*** Opening of Source data ***

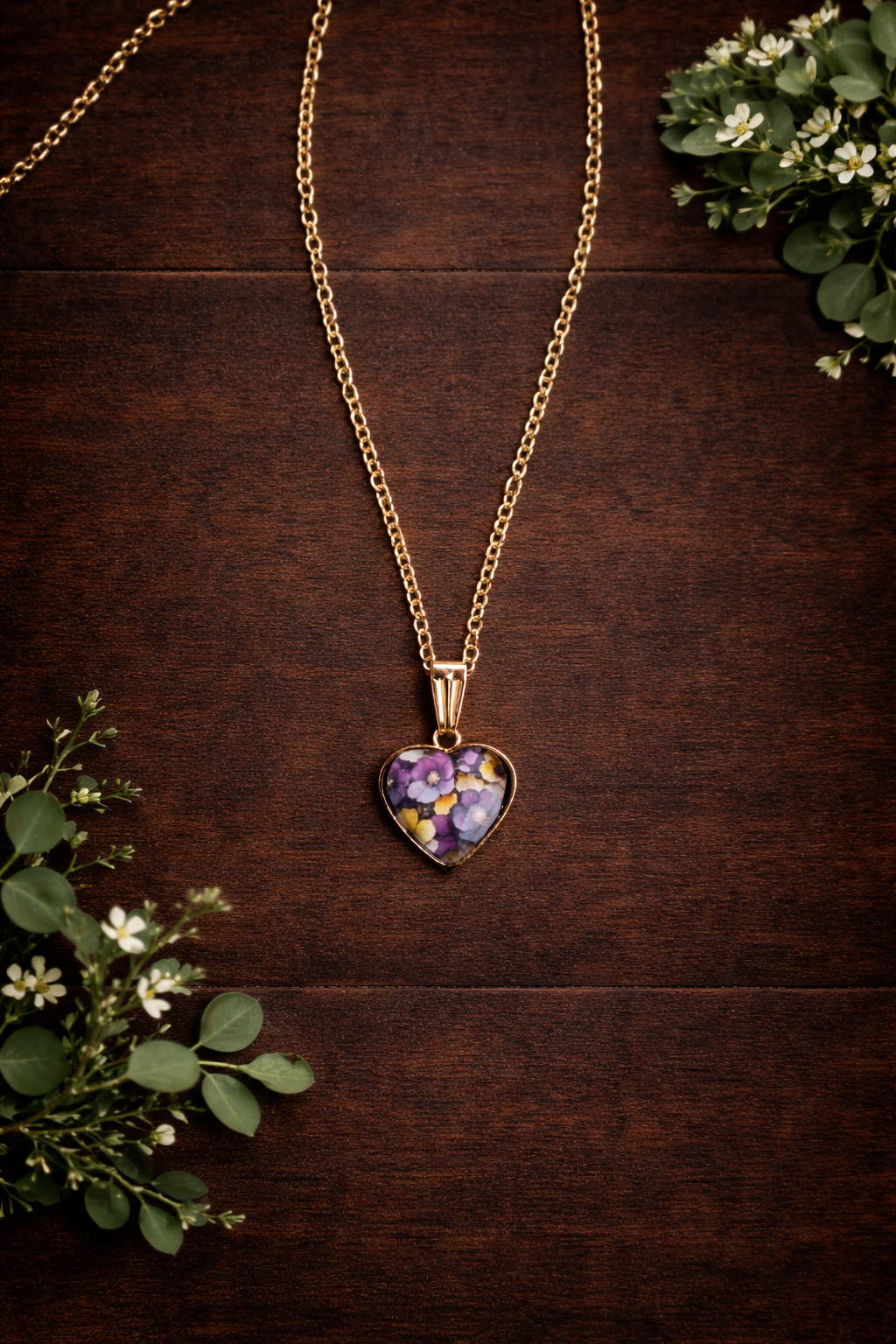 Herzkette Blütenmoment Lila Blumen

*** Close of Source data ***
*** Opening of Source data ***

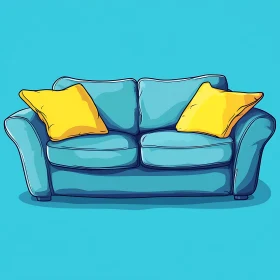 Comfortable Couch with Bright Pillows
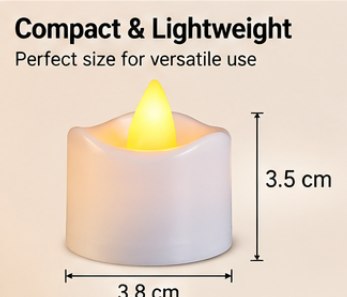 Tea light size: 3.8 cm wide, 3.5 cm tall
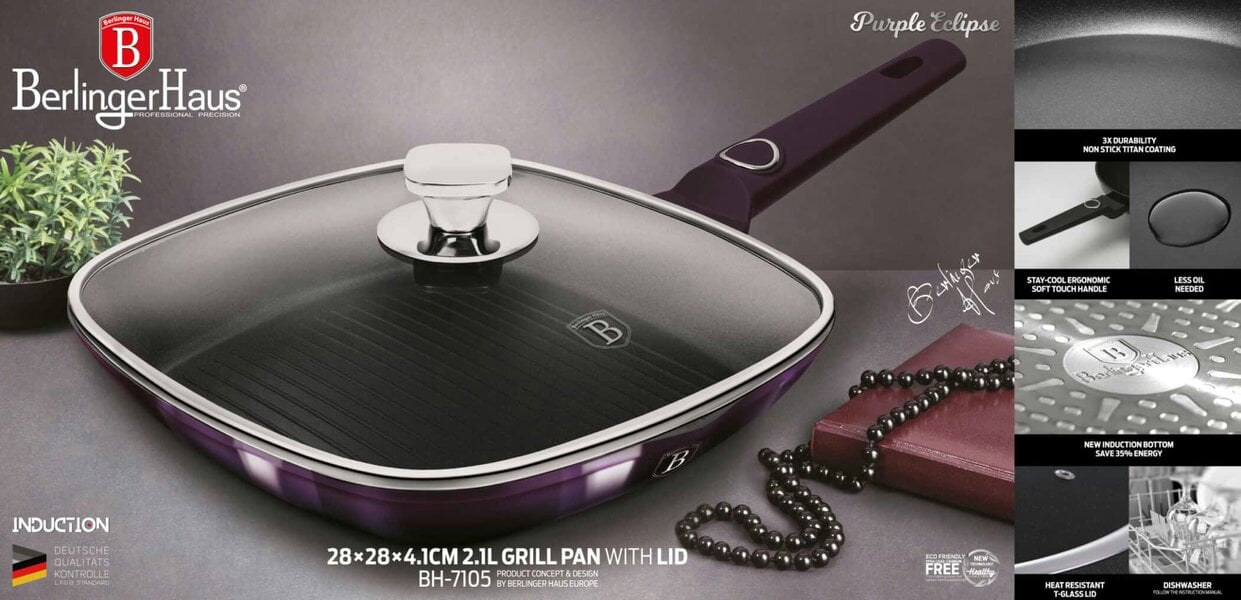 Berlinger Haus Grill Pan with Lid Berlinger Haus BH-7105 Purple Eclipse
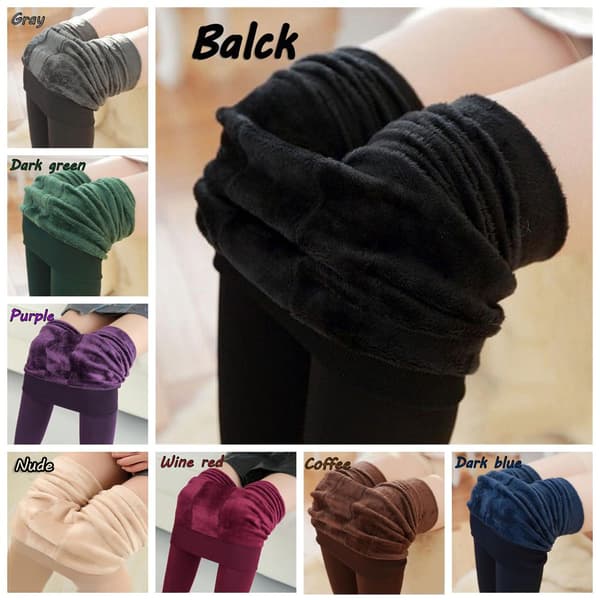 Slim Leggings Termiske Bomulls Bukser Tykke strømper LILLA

*** Close of Source data ***
*** Opening of Source data ***

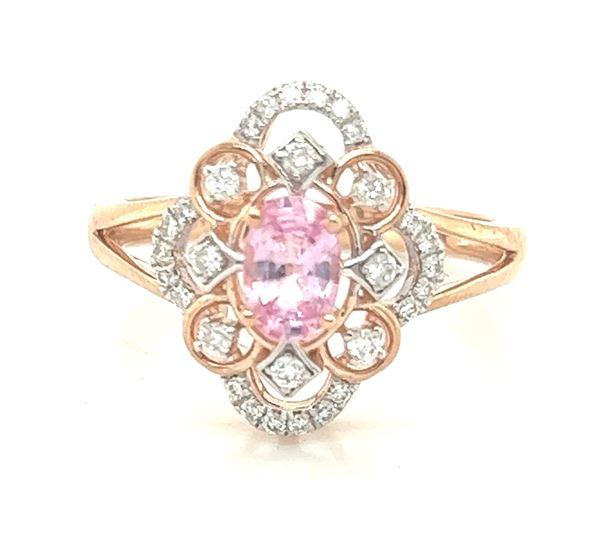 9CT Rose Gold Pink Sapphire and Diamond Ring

*** Close of Source data ***

# Assignment
In the listing above, find the line containing "Tea light size: 3.8 cm wide, 3.5 cm tall" and the line containing "Slim Leggings Termiske". Print those two lines and every line between them exactly, with no pictures.

# Written solution
 Tea light size: 3.8 cm wide, 3.5 cm tall
 Berlinger Haus Grill Pan with Lid Berlinger Haus BH-7105 Purple Eclipse
 Slim Leggings Termiske Bomulls Bukser Tykke strømper LILLA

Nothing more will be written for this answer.